Liberté religieuse et valeurs de la République : contribution à l’étude d’une articulation en tension
Thèse soutenue le 6 décembre 2018 à l’Université de Strasbourg devant un jury composé de Madame Vincente Fortier (Directrice de thèse, directrice de recherches CNRS, Université de Strasbourg), Madame Anne Levade (Professeure, Université Paris-Est Créteil, Paris XII – rapporteur), Monsieur Gérard Gonzalez (Professeur, Université de Montpellier – rapporteur), Monsieur François Saint-Bonnet (Professeur, Université Panthéon-Assas, Paris II) et Madame Anne Fornerod (Chargée de recherches CNRS, Université de Strasbourg).
L’étude de la genèse de la loi du 11 octobre 2010 interdisant la dissimulation du visage dans l’espace public, dont chacun sait que l’objet réel était d’interdire le port du voile intégral, révèle une fracture entre le droit et le politique.
Sur le terrain du droit, l’essentiel des développements porte sur la notion d’ordre public, et plus précisément sur sa dimension immatérielle. La littérature juridique, souvent inspirée des développements du Conseil d’État dans l’Étude relative aux possibilités juridiques d’interdiction du port du voile intégral publiée en mars 2010, définit l’ordre public immatériel comme un ordre sociétal, dont le socle repose sur les exigences minimales de la vie en société.
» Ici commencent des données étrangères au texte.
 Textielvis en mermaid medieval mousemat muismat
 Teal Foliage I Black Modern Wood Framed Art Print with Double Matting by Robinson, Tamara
Sous cet angle, la dissimulation du visage peut être considérée comme une atteinte au minimum de sociabilité nécessaire dans la société française pour vivre ensemble.
Sur le terrain politique, les déclarations et débats relayés par la presse révèlent en revanche une confusion autour de la dimension immatérielle de l’ordre public. Si les considérations sociétales sont prises en compte, de nombreuses autres notions sont convoquées pour justifier l’interdiction du port du voile intégral. D’une part, l’expression « valeurs de la République » est récurrente pour justifier la nécessité d’adopter cette restriction de liberté, ce qui traduit une tension entre les « valeurs de la République » et la liberté individuelle de religion. D’autre part, les notions de dignité et d’égalité des sexes sont prépondérantes dans le processus d’élaboration de la loi alors même qu’elles ont été explicitement exclues – en raison de leur soubassement axiologique libéral – par l’Étude du Conseil d’État et la doctrine majoritaire.
L’adjonction de ces deux notions aux « valeurs de la République », et l’intégration de l’ensemble ainsi constitué à la dimension immatérielle de l’ordre public, bouleversent les cadres de référence traditionnels en matière de liberté religieuse. Par voie de conséquence, ce bouleversement emporte une mutation des rapports de l’État aux religions, ou plus précisément de l’État aux individus croyants.
En découle une question essentielle : ce bouleversement des cadres de référence est-il circonscrit à la question très spécifique du port du voile intégral, qui est indissociable des considérations relatives à la dissimulation du visage dans l’espace public ?
Deux paramètres apportent une réponse négative. D’un côté, la liberté religieuse des personnes privées, concernant le port de signes religieux, est sans cesse réinterrogée depuis 2010. Si les nombreuses propositions de loi visant à restreindre la liberté religieuse déposées à l’Assemblée nationale n’ont pas toutes abouti, elles attestent bien d’une perturbation du cadre juridique traditionnel, lequel protège cette liberté fondamentale.
D’un autre côté, les Chartes et rapports publics produits par l’État depuis 2010 se multiplient. La lecture de ces documents, relatifs à l’appréhension du religieux par l’État, révèle deux phénomènes : une autonomisation de l’expression « valeurs de la République », détachée de l’ordre public, et l’érection de la laïcité en valeur de la République.
Ce changement de paradigme dans la prise en compte du religieux par l’État conduit à s’interroger sur le contenu, tout du moins la portée, des « valeurs de la République » et de la laïcité-valeur. La notion de « citoyenneté », et son articulation à ces valeurs, permettent d’esquisser les différentes implications sur les rapports de l’État aux individus croyants.
Ce corpus, du reste très fourni, est analysé à la lumière de la jurisprudence actuelle – administrative, européenne, mais également judiciaire -, du droit souple émanant des instances nationales, européennes et internationales, et des développements de la doctrine. Il en découle une position de principe claire : sur le terrain du droit, la conciliation des principes doit être préconisée, dans le respect des valeurs libérales dont s’inspirent les textes fondamentaux de l’ordre juridique français.